| Relias said: @Impulsivty 1st off using your argument that cutting edge makes value. Understand this. Yeah, I was impressed with the movies of FF VII but I was more impressed with the actual game play footage and speed of Panzer Dragoon. Technically using Cutting Edge as an argument I would say that Sega Saturn was the biggest value of it's time. It had multiple processors for graphics and sound, came with built in RAM and had a cartridge slot for additional RAM or with the right cartridge you could play import games and you could also play games on the internet. Also, you think in to narrow terms when you think cutting edge. It's all about graphics and movies for you.(Seems that way seeing as to how you seem to mention them alot) But what you and other's fail to see that the Wii is cutting edge in it's own way. The controls, the ability to play a game like Wii Fit and Wii Ski at home. I don't know but I don't believe that it was possible before. You had to be at an arcade to do that and then yeah you can legally download games from older systems and play them. So you see the PS3 and the Wii are both cutting edge it's just that they do it in different ways and the Wii seems more appealing at the moment. |
The Saturn actually had some pretty asinine hardware, and, as I recall, the slowest clock speed of the big three that generation (N64 being the fastest, Playstation being a distant second, Saturn just under the PS), and it was not known for online gaming. The Saturn also bucked convention by being built around quadrangles rather than triangles which is essentially the standard for 3-D polygonal gaming.

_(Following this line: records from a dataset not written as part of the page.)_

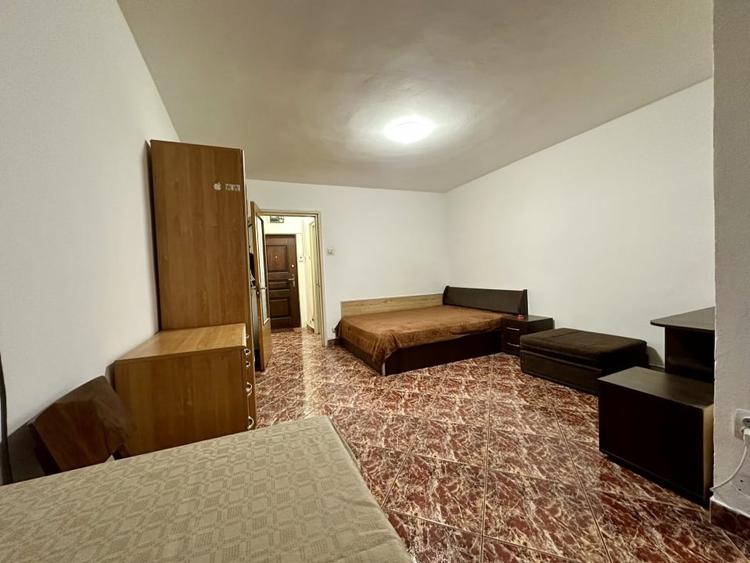 Drumul Taberei, metrou Favorit, garsoniera 31 mp - 2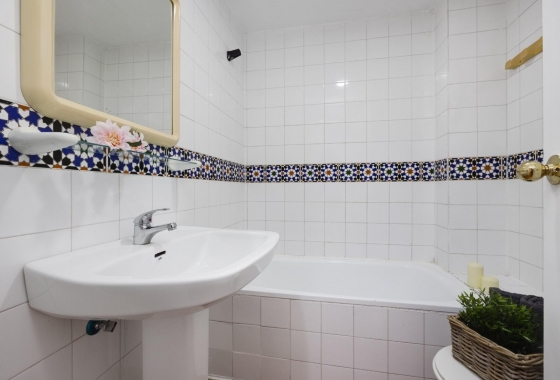 Reventa - Apartamento / piso - Torrevieja - Playa de los Locos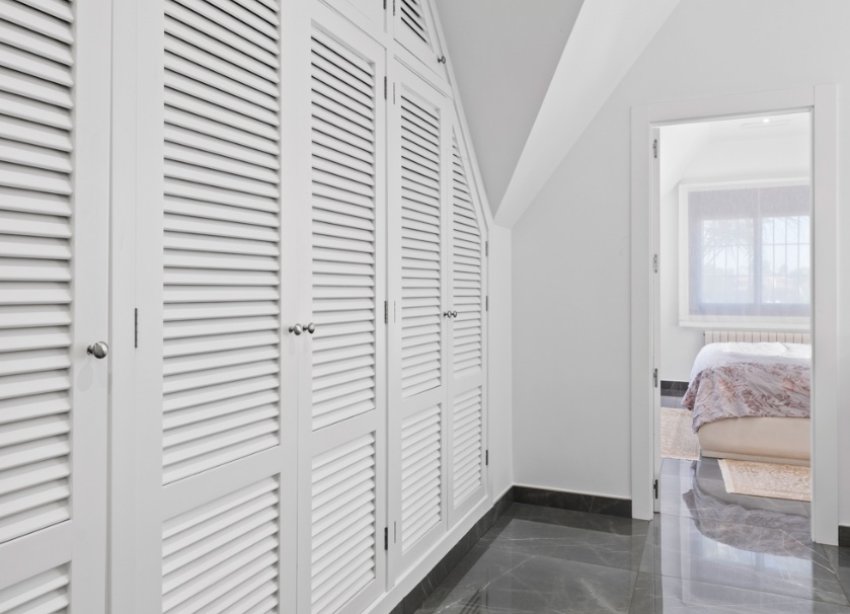 Reventa - Villa - San Juan Alicante - Frank Espinós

So convoluted and difficult to use was the Saturn's hardware, that it's been said that only Sega's internal teams were ever able to fully utilize it. That said, it was a good system cut short by Sega's short-sightedness and dreadful business decisions. Interestingly, the hardware design that became the N64 was, apparently, originally offered to Sega for the Saturn.
As of now, though, I have no preference on which system was actually "better" at the time, the Saturn or Playstation. The Saturn had a lot more options available to it, such as (as you said) the ability to add RAM and the built-in flash memory. Which, by the way, is dead in my Saturn (need a new battery).